Edit the following values:
◾ In the source section, replace my-gcp-project with the ID of the GCP project containing the source bucket.
◾ In the source section, replace my-bucket with the name of the GCS bucket containing the input files (output files from the previous step).
◾In the source section, replace the value of the gcp_credentials_secret parameter with the service account credentials for the GCP project containing the source bucket.
◾ In the destinations section, replace my-gcp-project with the ID of the GCP project containing the target dataset. It can be the same as in the source section or a different one.
◾ In the destinations section, replace my-gbq-dataset-YOUR-NAME with the name of the dataset that will contain the tables. You need to create this dataset in your destination project beforehand.
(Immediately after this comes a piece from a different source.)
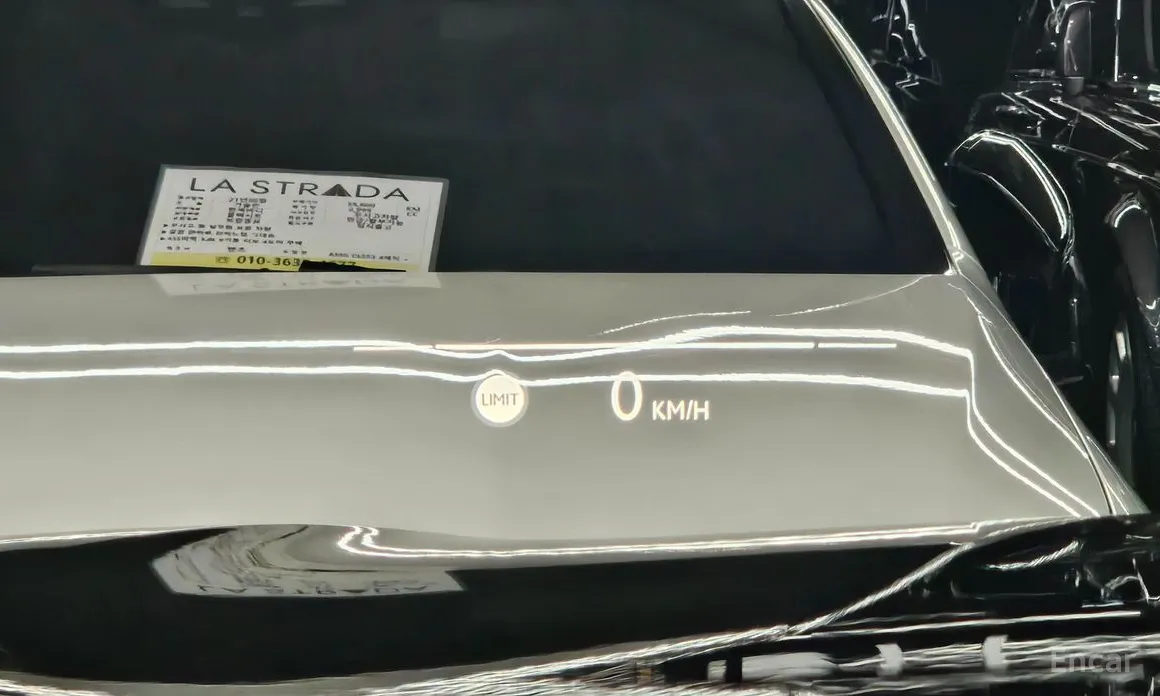 Фото 16 - Rolls-Royce Spectre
The storage-to-tables data operation won't create an empty dataset if needed.
◾ In the destinations section, replace the value of the gcp_credentials_secret parameter with the service account credentials for the GCP project containing the target dataset. ◾ If you share the demo project with other developers, then in the configuration_id, replace YOUR-NAME by a personal value, like your name. This way, you won't overwrite a configuration deployed by someone else. You should also add your name in the source's gcs_source_prefix and archive_prefix, and in the destinations' gbq_dataset to avoid any interferences with another developer's data operation.
Create a Markdown file named tailer-demo-stt.md. You can use it freely to describe the data operation.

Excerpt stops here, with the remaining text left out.